Task goal:
Find every line below with the word "https" in it, and copy each one.

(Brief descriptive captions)
----------
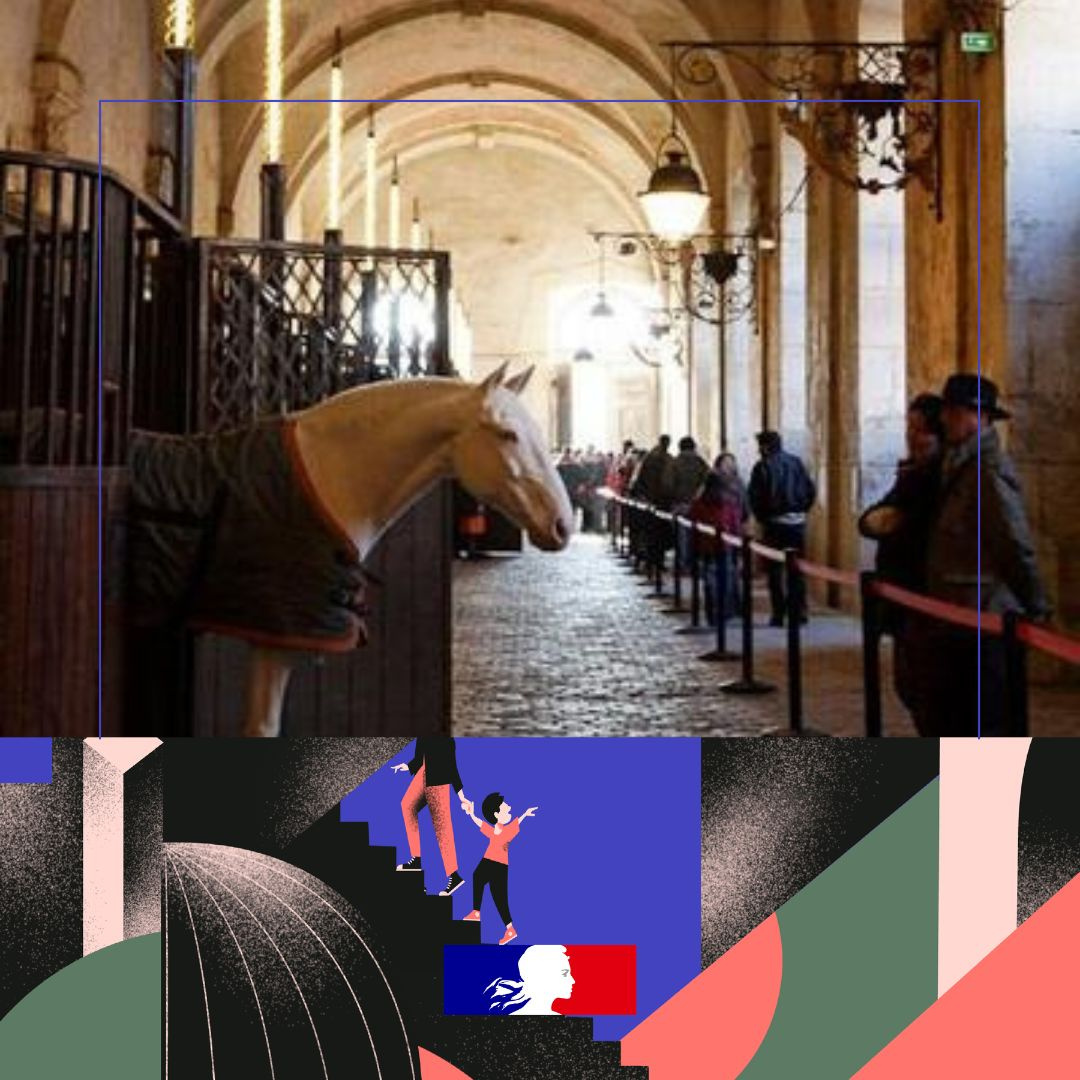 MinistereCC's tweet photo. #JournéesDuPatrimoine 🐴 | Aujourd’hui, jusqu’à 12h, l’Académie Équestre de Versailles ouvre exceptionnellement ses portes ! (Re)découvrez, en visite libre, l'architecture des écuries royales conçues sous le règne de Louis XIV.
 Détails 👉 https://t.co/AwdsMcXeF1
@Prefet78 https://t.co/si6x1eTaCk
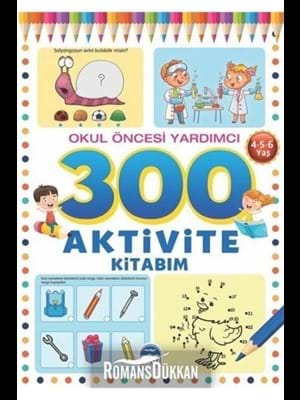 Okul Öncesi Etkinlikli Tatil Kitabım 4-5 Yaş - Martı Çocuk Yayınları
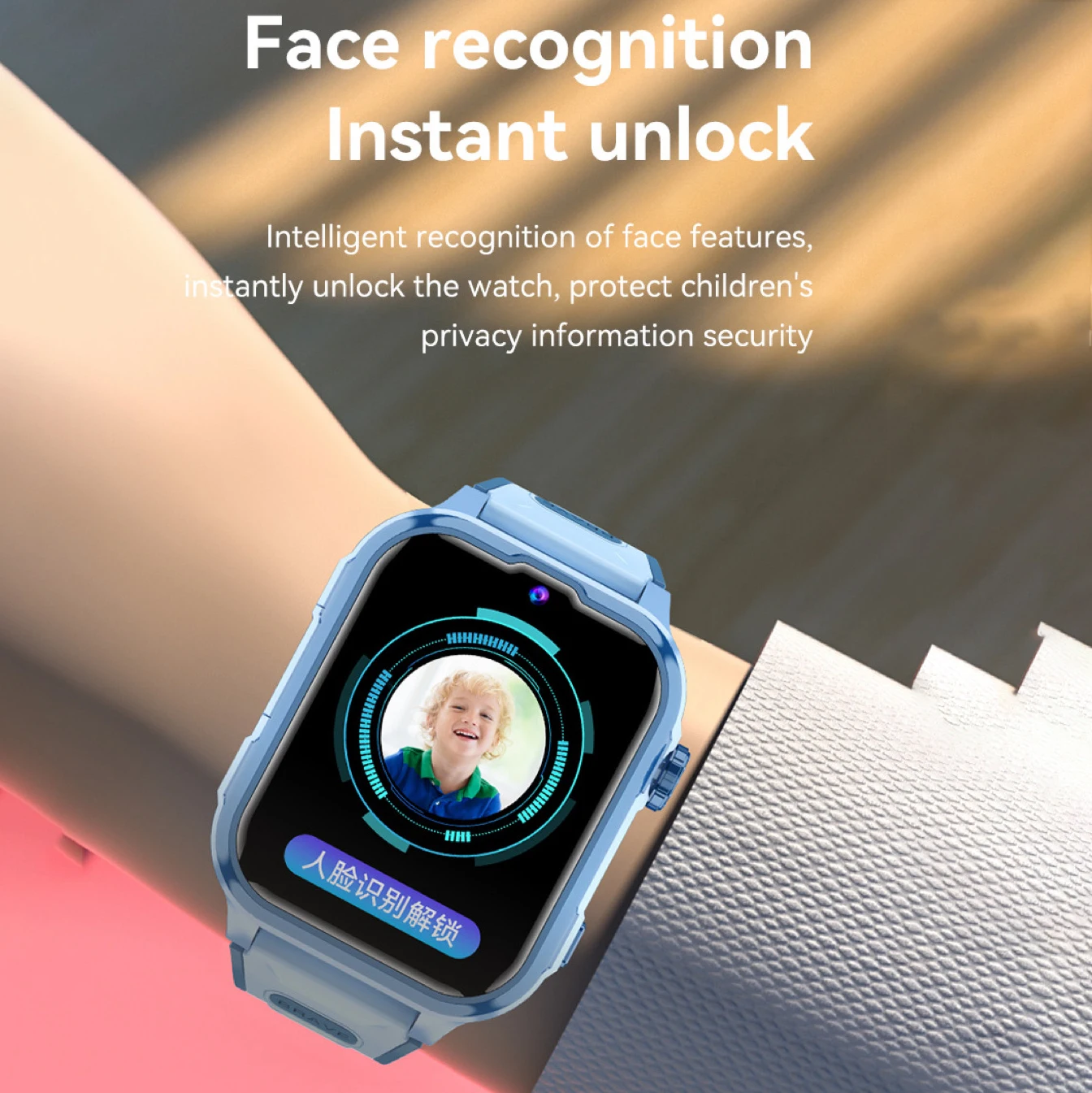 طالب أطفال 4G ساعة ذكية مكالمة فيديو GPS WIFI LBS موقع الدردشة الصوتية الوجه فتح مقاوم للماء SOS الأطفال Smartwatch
----------
Reply to the exercise:
 Détails 👉 https://t.co/AwdsMcXeF1
@Prefet78 https://t.co/si6x1eTaCk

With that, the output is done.